* [Exercise description]: Retype, word for word, every line from the one holding "antracite grey aluminium" through the one holding "Brandon Moore (89), Patrick" in the entries below, both included, and only those lines.

* [Supplied records]:
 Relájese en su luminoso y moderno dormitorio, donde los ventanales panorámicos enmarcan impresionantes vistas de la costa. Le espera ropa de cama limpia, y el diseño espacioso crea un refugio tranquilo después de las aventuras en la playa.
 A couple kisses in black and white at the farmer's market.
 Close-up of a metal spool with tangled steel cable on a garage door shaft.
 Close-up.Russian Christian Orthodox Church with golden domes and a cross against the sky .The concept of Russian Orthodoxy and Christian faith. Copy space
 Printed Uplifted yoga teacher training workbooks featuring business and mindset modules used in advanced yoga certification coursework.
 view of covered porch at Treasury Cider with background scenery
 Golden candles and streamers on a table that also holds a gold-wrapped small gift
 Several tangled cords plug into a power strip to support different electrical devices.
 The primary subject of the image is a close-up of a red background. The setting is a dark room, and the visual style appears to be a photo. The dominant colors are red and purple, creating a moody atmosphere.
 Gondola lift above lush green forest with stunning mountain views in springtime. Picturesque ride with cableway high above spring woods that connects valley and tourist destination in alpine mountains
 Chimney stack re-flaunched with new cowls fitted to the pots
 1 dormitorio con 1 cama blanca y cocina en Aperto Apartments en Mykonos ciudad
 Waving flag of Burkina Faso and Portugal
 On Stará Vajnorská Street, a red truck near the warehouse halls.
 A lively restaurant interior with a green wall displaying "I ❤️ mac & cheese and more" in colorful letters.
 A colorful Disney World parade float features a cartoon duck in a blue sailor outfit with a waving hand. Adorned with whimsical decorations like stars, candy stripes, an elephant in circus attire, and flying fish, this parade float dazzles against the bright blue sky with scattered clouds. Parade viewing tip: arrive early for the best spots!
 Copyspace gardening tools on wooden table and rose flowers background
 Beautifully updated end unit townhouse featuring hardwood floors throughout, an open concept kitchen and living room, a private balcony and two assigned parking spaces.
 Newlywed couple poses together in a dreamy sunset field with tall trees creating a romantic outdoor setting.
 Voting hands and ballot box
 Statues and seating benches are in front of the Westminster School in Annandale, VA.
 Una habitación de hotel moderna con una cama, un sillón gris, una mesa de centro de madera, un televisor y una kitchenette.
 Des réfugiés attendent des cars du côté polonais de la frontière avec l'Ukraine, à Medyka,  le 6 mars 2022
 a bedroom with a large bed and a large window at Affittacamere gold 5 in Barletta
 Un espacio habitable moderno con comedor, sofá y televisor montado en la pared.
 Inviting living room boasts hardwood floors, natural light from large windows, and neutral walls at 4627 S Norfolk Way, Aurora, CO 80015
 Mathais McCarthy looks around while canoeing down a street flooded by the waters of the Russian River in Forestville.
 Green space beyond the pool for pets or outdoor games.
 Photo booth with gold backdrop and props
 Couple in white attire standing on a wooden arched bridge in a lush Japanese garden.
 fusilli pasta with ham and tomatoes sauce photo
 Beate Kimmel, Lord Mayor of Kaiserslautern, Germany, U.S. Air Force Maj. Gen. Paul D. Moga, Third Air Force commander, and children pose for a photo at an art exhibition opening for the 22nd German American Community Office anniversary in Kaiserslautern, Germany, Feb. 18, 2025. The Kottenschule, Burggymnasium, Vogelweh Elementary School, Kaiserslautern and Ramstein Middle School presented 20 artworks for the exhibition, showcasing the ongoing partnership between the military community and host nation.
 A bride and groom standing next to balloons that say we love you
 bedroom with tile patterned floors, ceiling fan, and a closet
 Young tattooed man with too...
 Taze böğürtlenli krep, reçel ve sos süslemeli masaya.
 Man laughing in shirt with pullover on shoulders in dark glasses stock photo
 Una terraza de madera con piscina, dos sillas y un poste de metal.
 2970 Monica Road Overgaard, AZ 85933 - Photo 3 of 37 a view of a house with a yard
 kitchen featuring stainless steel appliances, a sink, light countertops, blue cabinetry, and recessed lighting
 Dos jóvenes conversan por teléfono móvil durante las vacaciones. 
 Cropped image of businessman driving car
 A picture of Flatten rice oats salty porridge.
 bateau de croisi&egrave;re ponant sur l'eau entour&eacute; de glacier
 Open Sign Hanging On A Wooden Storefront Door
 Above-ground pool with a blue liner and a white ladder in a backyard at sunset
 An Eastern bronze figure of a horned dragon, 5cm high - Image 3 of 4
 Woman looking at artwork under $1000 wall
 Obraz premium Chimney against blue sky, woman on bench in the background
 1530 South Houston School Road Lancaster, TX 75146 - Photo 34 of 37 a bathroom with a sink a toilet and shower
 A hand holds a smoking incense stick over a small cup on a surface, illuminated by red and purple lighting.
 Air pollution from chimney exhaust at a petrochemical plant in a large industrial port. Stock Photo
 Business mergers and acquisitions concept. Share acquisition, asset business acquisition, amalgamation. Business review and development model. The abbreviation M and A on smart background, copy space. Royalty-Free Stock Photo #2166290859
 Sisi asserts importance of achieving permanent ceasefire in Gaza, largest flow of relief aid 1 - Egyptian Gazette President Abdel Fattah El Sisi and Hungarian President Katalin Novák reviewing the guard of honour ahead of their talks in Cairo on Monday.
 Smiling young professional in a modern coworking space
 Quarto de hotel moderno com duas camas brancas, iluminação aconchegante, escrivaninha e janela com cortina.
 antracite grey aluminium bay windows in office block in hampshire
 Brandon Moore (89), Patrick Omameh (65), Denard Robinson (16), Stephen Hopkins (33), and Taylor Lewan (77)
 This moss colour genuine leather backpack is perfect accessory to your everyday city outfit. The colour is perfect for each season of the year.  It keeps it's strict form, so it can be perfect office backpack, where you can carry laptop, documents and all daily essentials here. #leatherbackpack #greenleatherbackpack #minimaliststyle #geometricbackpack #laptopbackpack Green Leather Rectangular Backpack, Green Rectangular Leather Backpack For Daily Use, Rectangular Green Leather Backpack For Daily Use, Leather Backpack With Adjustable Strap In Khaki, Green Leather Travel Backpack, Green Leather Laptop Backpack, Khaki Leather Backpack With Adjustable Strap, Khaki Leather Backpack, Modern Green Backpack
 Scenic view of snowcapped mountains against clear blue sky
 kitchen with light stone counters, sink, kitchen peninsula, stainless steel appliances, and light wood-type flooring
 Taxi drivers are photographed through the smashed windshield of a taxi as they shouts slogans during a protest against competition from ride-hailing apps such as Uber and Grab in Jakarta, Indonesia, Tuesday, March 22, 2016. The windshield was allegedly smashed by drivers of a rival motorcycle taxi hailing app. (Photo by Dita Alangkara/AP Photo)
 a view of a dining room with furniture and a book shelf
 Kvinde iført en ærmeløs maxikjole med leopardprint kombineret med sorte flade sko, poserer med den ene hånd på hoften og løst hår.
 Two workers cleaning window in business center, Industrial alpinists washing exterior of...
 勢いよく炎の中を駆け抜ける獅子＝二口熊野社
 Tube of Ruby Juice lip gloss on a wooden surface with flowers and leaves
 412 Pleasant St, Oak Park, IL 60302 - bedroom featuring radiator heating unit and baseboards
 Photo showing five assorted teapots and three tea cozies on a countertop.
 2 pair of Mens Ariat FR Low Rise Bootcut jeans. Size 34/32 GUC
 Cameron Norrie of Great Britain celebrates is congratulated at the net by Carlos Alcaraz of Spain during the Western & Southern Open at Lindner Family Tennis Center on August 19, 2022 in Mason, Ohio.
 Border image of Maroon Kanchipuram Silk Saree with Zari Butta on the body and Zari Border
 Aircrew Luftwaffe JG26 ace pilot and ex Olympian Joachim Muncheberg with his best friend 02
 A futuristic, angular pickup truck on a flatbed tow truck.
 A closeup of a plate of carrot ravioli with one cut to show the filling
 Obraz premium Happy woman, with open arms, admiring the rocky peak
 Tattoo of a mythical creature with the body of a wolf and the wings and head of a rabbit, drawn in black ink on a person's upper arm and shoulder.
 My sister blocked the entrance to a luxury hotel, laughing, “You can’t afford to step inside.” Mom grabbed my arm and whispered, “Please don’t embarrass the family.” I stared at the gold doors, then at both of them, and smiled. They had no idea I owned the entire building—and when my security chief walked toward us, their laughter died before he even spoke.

* [Task response]:
 antracite grey aluminium bay windows in office block in hampshire
 Brandon Moore (89), Patrick Omameh (65), Denard Robinson (16), Stephen Hopkins (33), and Taylor Lewan (77)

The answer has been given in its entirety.